As E@L flatmate, P, said on FB - "This Phuket trip is looking like victory already."
Not really because E@L has had two fights with taxi and tuk-tuk drivers already and done bugger all writing.
He has been reading though. We have to admit that we enjoy the reading experience of the Kindle. For some reason or other E@L can keep reading without falling asleep and can read much faster, certainly more rapidly than he has been in the past few years (falling asleep doesn't assist the pace, either)...
It only took one day to finish the Booker winner, Julian Barnes' 'A Sense Of An Ending'. I presumed foolishly - the only way to presume things these days - that the ending in a novel so titled would therefore make sense. MMmm. 'Atonement' this ain't.
I can't say that the emotions driving the underlying story really made sense [*** slight spoiler alert***] and for the life of me I can't see how he (the author/protagonist) could be held responsible for the not quite as bad as that climax. So why her anger and why his guilt and angst? And seriously, how the fuck could he ever "get it", if it didn't really involve him (or only marginally) in the first place, he had not heard from or seen any of them (those still alive) for forty years? Is he supposed to be a psychic? OK, he turned to have been a prick, vindictive and nasty (well, she had just dumped him for his best friend), but he didn't really cause what happened to happen. Or was the fact that it didn't make sense, the true sense we are to make of this ending?
Admittedly the observations on growing up, making you so wonderfully comfortable inside the mind of a smart - but maybe not smart enough - late teenager, and growing old in the mind of a slightly snarky old man were astoundingly good. Barnes is very practiced at this confessional stuff, these meandering reminiscences, and he hits the nail on the head about the vagaries of memory and the resultant unreliability of history, and what this means for his author's story here. "If we were in a novel, this wouldn't happen..." someone, the author Anthony or the author Julian, keeps meta-fictionally observing.
Having been reading Tolstoy opinions on Shakespeare on the Kindle as well, (c'mon, it was $0.99 and I was just skimming) I see that the Great Novelist thinks that the Great Playwright is crap, and that his plays make zero sense and miss the point all the time (the source materials were always better, he says) and what he makes the characters do is simply not how people behave - therefore Shakespeare's famed intuition into human nature is a pile of crock and everyone is wrong except Tolstoy. And I have to admit he makes many good points.
So Barnes is claiming with this meta-fiction stuff, that what the people in his novel do is not what people in novels would do... So as Beckett said, "No symbols where none intended", it makes you wonder, if this is not meant to be a novel, why do we keep harping back to The Mother tipping out a "broken" fried egg... Symbol? Intended? I think so.

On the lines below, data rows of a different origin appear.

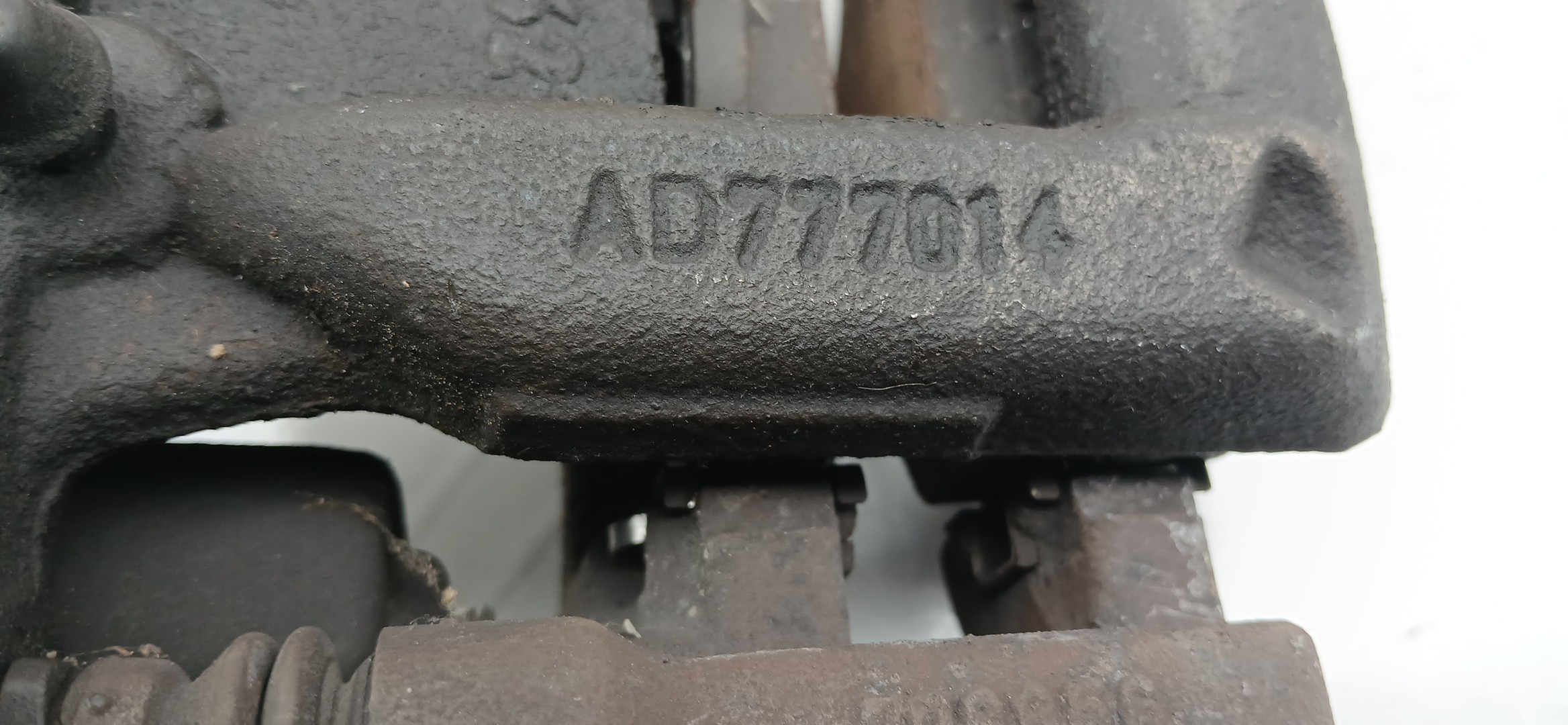 Pinza de freno Trasero Izquierdo CITROËN C4 Grand Picasso II (DA_, DE_) Imagem-4
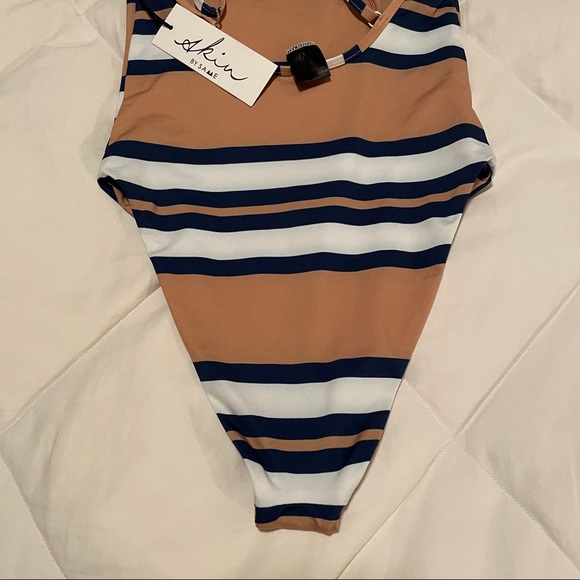 SKIN BY SAME “The One Piece” S - Picture 8 of 9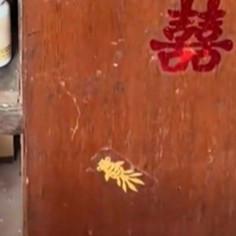 这种集体怀旧现象，本质上是成长期对“纯粹情感”的一次迟到认领。

剪纸小金鱼不再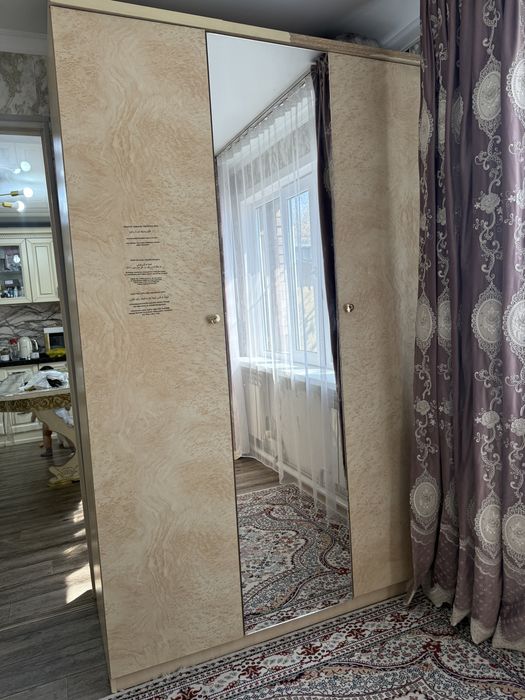 Продам спальный гарнитур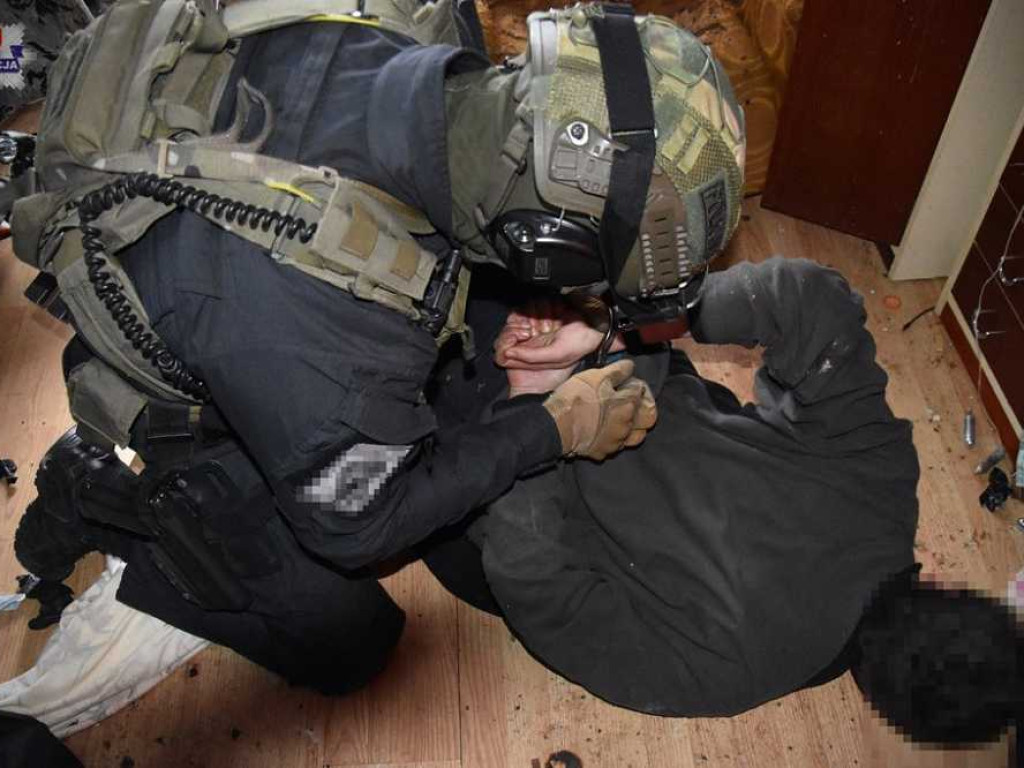 Zabarykadował się w domu i strzelał do sąsiadów. Ujęli go antyterroryści [ZDJĘCIA, WIDEO]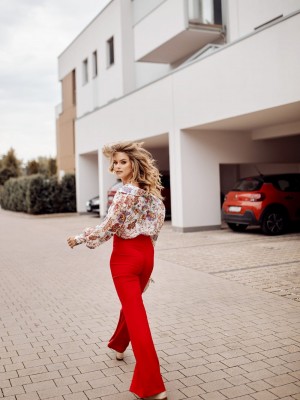 Елегантен дамски панталон в червен цвят 05018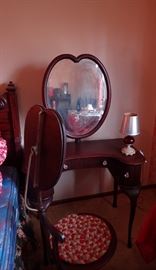 VANITY TABLE WITH MATCHING CHAIRS WITH MIRROR ATTACHED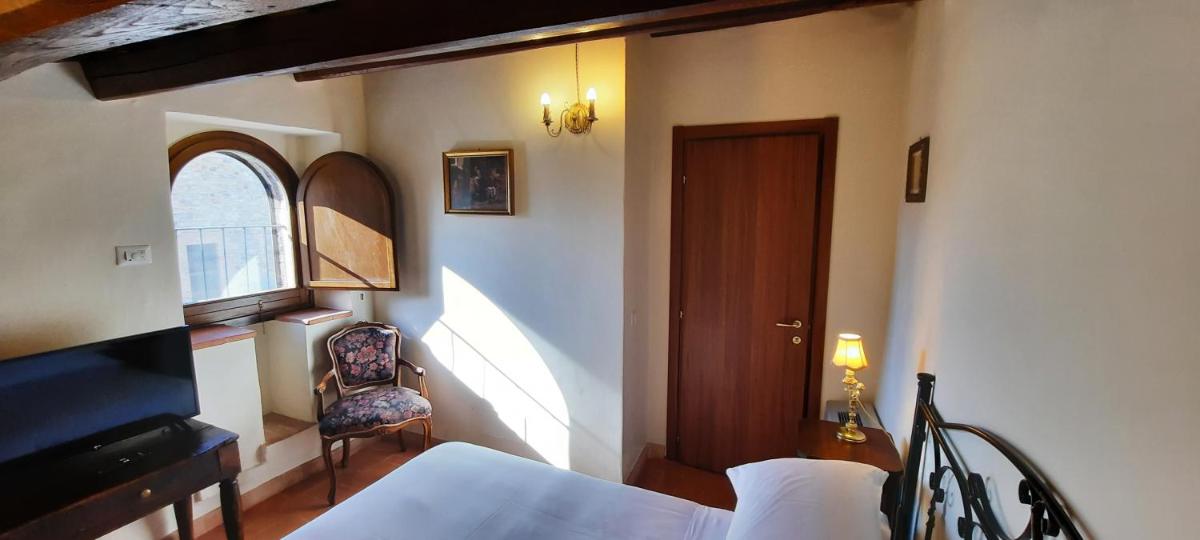Borgo Petroro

Oh never-mind, I am probably way off the loop here. I probably have missed the point due my infernal obtuseness, or I have overlooked some crucial adjectival phrase that would have gelled it together for me.

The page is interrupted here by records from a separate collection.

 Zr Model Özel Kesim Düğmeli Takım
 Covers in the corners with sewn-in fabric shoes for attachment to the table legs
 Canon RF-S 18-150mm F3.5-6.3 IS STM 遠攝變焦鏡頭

Please, don't listen to me, it is a GREAT read for the wonderfully funny and piercingly accurate evocations of those smart kids in school thinking themselves smarter than their teachers, the mating game back in those days (60's, about 10 years before E@L fucked it all up, as it were, for himself) and how not to handle re-unions with ex-girlfriends later in life.
The reason it only took me a day (talk about the compression of time - as Barnes does in this book) is that there are only 150 pages or so in the physical novel. Speaking of senses and endings, it is weird to end a novel and not be able turn the book face-down. Looking at the rear of a Kindle is not the same thing. Closure?
But one cool thing with this book on the Kindle is that it came with the best of Barne's observations on life already highlighted so I didn't have to think for myself.